A Julia DataAnalysis Sysimage from PackageCompiler It's so easy you should do it too!

If you want to use Julia for the kind of thing where you might fire up R and read a couple CSV files into some DataFrames, maybe grab some data from a SQLite file, manipulate the data a little, make a few plots, and be done… Then it’d be nice to have a quick-load sysimage so you don’t have too much “time to first plot”. It turns out that PackageCompiler has gotten to the point where this is fairly trivial. Here are two scripts I’m using to build my own sysimage that can do all these things, including RCall.

Here is the script I’m using as the precompile_execution_file. This file does some “example” tasks to help PackageCompiler figure out what needs precompiling.

using StatsPlots, CSV, DataFrames, DataFramesMeta, SQLite, GLM, Optim, Dates, RCall

df = DataFrame(x=rand(100),y=rand(100),z=Date(2000,01,01) .+ Dates.Day.(rand(Int,100).% 100))

CSV.write("testfile.csv",df)

df2 = CSV.File("testfile.csv")

p = @df df plot(:x,:y)
@df df plot!(:y,:x)
display(p)

p2 = @df df scatter(:z,:y)
@df df scatter!(:z,:x)
display(p2)

h1 = @df df histogram(:x)
@df df histogram!(:y)
display(h1)

d1 = @df df density(:x)
@df df density!(:y)
display(d1)

ols = lm(@formula(y~x),df)
display(ols)


@chain df begin
@subset :x .> .5
@subset :y .< .5
@orderby :x
@transform :p = 2 * :x
end



@rput df
R"library(ggplot2); p = ggplot(df) + geom_point(aes(x,y)); print(p)"

db = SQLite.DB("foo.db")
SQLite.load!(df,db,"foo")
df3 = DBInterface.execute(db,"select * from foo where x > ?", (.25,)) |> DataFrame
df4 = DBInterface.execute(db,"select * from foo") |> DataFrame


And to build the sysimage:

using PackageCompiler
ENV["PYTHON"]="/home/dlakelan/miniconda3/bin/python"
using Pkg
Pkg.build("PyCall")

create_sysimage([:StatsPlots,:CSV,:DataFrames,:DataFramesMeta,:SQLite,:GLM,:Optim,:RCall],sysimage_path="sys_dataanalys.so",precompile_execution_file="dataanalys.jl")

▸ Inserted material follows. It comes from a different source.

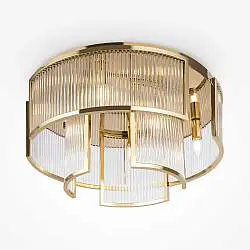 Plafoniera Moderna Frame 6 Luci E14 60W Metallo Oro Ip20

after running all that, and about a minute or two later… I’ve got sys_dataanalys.so so I can do:

julia --sysimage sys_dataanalys.so

and then doing data analysis is quick!

9 Likes

Also vscode

https://www.julia-vscode.org/docs/dev/userguide/compilesysimage/

1 Like

I have made a sysimage with vscode, and it’s dead easy, and works fine, even with a lot of packages in the project. Does anyone know of a way of providing a custom precompile file to the vscode image build process?

How do you deal with the fact that you can’t install or update anything after compilation? Also, do you type the long command with the sysimage path every time or do you make some alias to it so it’s more convenient?

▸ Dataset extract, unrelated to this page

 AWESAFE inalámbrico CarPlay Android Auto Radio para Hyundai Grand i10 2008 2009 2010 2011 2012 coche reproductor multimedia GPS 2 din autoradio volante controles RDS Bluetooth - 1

If you make the sysimage with packagecompiler, you can still save it in the folder with your project.toml as JuliaSysimage.dll (or JuliaSysimage.so for Windows) and vscode will detect it when launching its special repl. Of course that will only work for the the projects(s) where you’ve saved the sysimage.

I’m not sure if that’s possible at the moment. @davidanthoff ?

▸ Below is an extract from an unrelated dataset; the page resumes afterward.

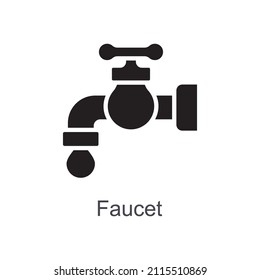 Faucet vector Solid Icon Design illustration. Home Improvements Symbol on White background EPS 10 File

I don’t think that’s right. You can absolutely Pkg.add(“Stuff”) and using Stuff just like with vanilla Julia, but it won’t be part of the precompiled things, so you pay the precompilation time.

If you decide you want some additional packages precompiled into the image, adjust the two scripts to include those packages and some code that exercises the functionality, and rebuild.

Just that adding usually updates dependencies if you don’t pass some flag. I guess I need to try it out :slight_smile:

This is what I thought too, and it was easy enough that I posted this to encourage people. I’ve been pretty frustrated with the time to first plot when you need to read / write some data and do some manipulation before getting the plot in particular (since you pay compilation time for CSV, DataFrames, SQLite, Plots, KernelDensity, GLM etc etc). The thing is at least for me, it’s often very similar types of quick analyses I want to do, so a precompilation execution script that simulates that kind of process is all you need to make sure you get most things prebuilt.

I just use a script called “juliadata”

#!/bin/sh

julia --sysimage /home/..../mysysimage.so